■ Records for processing:
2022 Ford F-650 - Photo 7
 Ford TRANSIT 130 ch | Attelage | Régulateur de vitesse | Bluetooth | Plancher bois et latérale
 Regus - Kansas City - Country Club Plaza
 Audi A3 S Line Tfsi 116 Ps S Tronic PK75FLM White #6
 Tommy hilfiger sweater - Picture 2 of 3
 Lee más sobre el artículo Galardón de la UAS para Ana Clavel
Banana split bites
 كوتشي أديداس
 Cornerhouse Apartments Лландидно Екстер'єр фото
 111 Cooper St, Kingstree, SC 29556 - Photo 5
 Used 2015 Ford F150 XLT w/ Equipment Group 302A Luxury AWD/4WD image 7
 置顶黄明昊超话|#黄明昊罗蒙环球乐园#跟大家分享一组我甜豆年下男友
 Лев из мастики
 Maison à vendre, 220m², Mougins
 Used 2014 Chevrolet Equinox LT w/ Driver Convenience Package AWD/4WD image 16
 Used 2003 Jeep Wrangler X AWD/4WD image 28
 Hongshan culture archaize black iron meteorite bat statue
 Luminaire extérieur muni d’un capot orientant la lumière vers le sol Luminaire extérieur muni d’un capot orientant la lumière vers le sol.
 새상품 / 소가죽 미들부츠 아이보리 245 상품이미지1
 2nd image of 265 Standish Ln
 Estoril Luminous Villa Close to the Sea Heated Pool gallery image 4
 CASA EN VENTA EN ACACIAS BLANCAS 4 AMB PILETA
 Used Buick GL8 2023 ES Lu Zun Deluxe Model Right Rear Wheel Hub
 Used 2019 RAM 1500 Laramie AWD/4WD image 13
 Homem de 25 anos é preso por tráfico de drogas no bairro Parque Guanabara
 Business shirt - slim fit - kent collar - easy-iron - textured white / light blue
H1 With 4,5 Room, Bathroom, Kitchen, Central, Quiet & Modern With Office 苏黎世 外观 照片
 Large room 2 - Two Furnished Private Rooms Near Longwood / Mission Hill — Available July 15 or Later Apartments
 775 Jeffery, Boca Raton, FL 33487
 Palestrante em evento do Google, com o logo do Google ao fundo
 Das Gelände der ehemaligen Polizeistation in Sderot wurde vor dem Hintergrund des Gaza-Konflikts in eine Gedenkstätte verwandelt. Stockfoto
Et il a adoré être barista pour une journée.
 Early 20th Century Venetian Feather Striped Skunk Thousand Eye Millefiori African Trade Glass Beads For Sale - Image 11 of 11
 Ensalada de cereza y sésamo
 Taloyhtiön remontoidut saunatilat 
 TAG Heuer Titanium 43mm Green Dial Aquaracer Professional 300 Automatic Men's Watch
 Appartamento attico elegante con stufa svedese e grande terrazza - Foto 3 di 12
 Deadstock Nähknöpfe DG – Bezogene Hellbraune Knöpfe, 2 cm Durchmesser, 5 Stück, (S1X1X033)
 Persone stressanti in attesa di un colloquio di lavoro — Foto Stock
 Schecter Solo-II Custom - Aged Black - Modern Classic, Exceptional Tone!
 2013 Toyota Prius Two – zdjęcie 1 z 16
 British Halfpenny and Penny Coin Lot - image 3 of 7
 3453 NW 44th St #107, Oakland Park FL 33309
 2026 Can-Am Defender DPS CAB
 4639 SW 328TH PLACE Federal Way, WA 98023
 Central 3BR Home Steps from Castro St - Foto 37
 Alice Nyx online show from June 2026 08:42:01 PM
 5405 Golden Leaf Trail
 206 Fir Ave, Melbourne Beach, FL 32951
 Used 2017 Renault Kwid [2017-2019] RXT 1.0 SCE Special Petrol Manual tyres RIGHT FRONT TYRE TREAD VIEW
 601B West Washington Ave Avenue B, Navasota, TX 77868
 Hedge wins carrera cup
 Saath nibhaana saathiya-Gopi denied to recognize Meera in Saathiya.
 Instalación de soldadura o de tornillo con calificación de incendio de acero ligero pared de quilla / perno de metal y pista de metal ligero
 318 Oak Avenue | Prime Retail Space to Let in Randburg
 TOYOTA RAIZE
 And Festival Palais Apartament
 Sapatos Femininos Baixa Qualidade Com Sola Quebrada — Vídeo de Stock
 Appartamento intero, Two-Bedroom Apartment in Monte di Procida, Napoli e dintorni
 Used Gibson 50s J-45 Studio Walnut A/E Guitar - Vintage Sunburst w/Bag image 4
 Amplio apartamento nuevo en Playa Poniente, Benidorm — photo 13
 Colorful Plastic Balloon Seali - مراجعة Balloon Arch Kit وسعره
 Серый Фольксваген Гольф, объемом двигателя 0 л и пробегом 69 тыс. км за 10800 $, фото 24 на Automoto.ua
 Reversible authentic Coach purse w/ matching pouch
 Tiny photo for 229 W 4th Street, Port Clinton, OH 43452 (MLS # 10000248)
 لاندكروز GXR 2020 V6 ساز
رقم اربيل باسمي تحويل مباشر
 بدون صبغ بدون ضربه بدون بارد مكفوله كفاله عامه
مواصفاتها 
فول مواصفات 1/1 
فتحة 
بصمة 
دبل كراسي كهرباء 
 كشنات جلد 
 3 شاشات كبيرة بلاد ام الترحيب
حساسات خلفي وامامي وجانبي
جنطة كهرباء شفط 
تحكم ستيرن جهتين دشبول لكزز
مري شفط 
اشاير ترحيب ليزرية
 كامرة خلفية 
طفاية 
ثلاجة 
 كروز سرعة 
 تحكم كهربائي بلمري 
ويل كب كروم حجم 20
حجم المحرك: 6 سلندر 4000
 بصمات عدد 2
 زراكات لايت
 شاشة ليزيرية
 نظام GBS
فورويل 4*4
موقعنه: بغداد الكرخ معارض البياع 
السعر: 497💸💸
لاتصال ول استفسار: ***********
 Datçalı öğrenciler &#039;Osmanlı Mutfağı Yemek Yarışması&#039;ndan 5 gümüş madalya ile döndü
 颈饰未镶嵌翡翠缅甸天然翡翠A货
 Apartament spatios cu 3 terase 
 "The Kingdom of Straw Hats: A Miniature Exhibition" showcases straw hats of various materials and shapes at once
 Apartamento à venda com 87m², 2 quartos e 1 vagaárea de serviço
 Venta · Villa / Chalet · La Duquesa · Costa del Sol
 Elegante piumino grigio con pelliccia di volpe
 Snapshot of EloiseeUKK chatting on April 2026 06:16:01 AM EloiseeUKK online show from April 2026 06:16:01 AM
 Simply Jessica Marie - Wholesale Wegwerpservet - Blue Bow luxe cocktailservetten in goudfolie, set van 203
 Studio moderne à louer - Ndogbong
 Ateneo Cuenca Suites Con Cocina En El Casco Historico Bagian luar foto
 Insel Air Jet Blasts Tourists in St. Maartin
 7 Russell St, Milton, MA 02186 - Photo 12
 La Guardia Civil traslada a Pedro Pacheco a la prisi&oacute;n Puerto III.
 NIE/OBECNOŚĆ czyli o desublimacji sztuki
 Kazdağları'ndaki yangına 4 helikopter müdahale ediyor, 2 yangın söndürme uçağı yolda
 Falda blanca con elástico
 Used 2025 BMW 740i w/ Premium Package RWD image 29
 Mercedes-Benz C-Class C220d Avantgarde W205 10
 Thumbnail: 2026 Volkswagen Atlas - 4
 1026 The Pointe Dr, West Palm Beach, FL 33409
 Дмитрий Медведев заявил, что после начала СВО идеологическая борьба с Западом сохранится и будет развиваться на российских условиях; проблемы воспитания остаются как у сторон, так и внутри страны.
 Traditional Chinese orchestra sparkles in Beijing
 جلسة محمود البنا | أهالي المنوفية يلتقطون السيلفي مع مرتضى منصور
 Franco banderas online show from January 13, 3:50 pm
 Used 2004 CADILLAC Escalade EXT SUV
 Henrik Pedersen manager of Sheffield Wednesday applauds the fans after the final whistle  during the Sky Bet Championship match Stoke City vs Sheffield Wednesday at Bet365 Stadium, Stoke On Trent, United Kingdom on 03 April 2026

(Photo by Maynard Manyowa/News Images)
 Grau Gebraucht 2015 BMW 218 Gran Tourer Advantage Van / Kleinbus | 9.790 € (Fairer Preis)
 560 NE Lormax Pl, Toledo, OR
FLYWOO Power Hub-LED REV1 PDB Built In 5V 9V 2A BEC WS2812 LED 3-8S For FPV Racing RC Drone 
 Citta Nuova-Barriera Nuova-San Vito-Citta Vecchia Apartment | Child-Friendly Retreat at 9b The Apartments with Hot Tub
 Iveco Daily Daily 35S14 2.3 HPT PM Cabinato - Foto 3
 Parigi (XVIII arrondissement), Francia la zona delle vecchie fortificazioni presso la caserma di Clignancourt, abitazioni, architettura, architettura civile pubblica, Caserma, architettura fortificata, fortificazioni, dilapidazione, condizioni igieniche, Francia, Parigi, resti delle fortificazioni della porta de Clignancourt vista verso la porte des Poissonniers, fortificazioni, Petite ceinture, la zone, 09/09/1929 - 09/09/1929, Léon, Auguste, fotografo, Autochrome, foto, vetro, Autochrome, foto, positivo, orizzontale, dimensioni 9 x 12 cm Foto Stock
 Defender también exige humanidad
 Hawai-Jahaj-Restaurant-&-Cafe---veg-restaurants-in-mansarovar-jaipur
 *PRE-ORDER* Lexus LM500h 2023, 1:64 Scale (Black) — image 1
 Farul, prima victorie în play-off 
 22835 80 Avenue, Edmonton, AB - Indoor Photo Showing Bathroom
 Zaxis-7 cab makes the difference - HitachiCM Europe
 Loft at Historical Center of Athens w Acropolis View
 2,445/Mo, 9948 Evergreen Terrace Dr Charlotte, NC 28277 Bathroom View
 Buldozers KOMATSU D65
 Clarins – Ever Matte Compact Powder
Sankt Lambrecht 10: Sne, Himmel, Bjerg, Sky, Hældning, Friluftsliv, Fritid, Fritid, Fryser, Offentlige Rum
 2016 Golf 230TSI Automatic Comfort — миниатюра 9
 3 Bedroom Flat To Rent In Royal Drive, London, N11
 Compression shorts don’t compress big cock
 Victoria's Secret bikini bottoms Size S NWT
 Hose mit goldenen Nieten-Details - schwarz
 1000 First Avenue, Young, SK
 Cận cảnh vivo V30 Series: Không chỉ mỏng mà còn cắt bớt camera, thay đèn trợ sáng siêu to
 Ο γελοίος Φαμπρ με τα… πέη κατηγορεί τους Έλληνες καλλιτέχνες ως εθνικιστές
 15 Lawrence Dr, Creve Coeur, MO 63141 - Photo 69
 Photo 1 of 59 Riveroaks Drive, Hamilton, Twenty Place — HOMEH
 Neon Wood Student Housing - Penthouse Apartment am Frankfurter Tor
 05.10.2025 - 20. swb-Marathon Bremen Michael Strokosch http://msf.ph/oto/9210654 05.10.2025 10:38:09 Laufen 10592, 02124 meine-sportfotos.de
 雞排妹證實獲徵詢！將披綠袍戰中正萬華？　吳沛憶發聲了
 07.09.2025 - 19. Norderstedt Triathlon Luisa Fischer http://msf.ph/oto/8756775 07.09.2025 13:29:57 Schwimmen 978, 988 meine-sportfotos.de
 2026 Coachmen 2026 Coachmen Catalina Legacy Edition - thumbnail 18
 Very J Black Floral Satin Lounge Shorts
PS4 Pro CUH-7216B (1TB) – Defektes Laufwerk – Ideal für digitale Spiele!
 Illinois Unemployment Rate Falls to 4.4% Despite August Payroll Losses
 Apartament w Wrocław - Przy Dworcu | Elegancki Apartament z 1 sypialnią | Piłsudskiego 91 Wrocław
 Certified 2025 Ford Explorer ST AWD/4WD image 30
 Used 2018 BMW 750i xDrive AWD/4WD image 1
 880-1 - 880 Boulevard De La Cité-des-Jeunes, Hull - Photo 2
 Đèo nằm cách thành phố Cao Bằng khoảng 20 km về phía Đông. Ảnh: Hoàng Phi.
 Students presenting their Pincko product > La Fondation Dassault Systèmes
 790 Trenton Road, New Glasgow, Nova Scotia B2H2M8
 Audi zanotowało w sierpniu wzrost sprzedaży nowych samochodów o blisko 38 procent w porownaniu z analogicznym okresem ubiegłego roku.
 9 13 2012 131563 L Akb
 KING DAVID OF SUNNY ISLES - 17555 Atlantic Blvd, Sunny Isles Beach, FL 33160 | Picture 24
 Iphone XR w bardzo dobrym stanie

■ Task description: Starting at the first line of the records above, please copy every line exactly through the line containing "Used 2019 RAM 1500 Laramie AWD/4WD image 13", and stop there.

■ Response to this exercise:
2022 Ford F-650 - Photo 7
 Ford TRANSIT 130 ch | Attelage | Régulateur de vitesse | Bluetooth | Plancher bois et latérale
 Regus - Kansas City - Country Club Plaza
 Audi A3 S Line Tfsi 116 Ps S Tronic PK75FLM White #6
 Tommy hilfiger sweater - Picture 2 of 3
 Lee más sobre el artículo Galardón de la UAS para Ana Clavel
Banana split bites
 كوتشي أديداس
 Cornerhouse Apartments Лландидно Екстер'єр фото
 111 Cooper St, Kingstree, SC 29556 - Photo 5
 Used 2015 Ford F150 XLT w/ Equipment Group 302A Luxury AWD/4WD image 7
 置顶黄明昊超话|#黄明昊罗蒙环球乐园#跟大家分享一组我甜豆年下男友
 Лев из мастики
 Maison à vendre, 220m², Mougins
 Used 2014 Chevrolet Equinox LT w/ Driver Convenience Package AWD/4WD image 16
 Used 2003 Jeep Wrangler X AWD/4WD image 28
 Hongshan culture archaize black iron meteorite bat statue
 Luminaire extérieur muni d’un capot orientant la lumière vers le sol Luminaire extérieur muni d’un capot orientant la lumière vers le sol.
 새상품 / 소가죽 미들부츠 아이보리 245 상품이미지1
 2nd image of 265 Standish Ln
 Estoril Luminous Villa Close to the Sea Heated Pool gallery image 4
 CASA EN VENTA EN ACACIAS BLANCAS 4 AMB PILETA
 Used Buick GL8 2023 ES Lu Zun Deluxe Model Right Rear Wheel Hub
 Used 2019 RAM 1500 Laramie AWD/4WD image 13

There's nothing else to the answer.